• [Task details]
Two lines below mark the span: the one containing "Baskets gris ADIDAS pour femme seconde vue" and the one containing "BMW 3 Series 2018". Set down both, plus every line between, exactly as they stand, and nothing else.

• [Data listing]

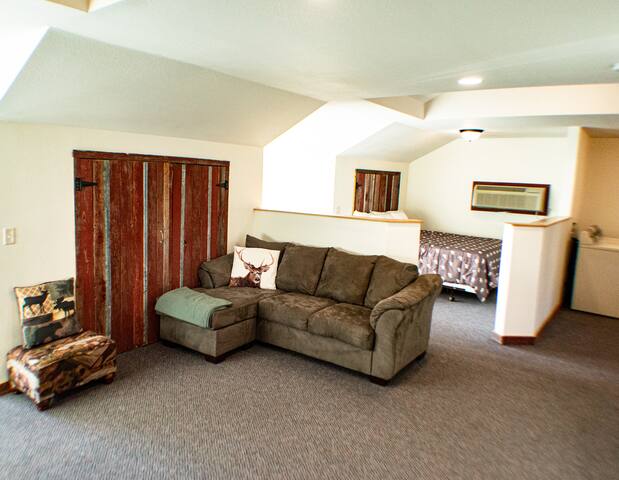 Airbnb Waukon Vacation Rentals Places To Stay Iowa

---

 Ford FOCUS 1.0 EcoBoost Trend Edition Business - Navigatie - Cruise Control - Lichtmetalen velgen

* * *

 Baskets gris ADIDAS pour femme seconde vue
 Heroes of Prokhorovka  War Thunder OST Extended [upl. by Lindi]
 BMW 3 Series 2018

• [Output]
 Baskets gris ADIDAS pour femme seconde vue
 Heroes of Prokhorovka  War Thunder OST Extended [upl. by Lindi]
 BMW 3 Series 2018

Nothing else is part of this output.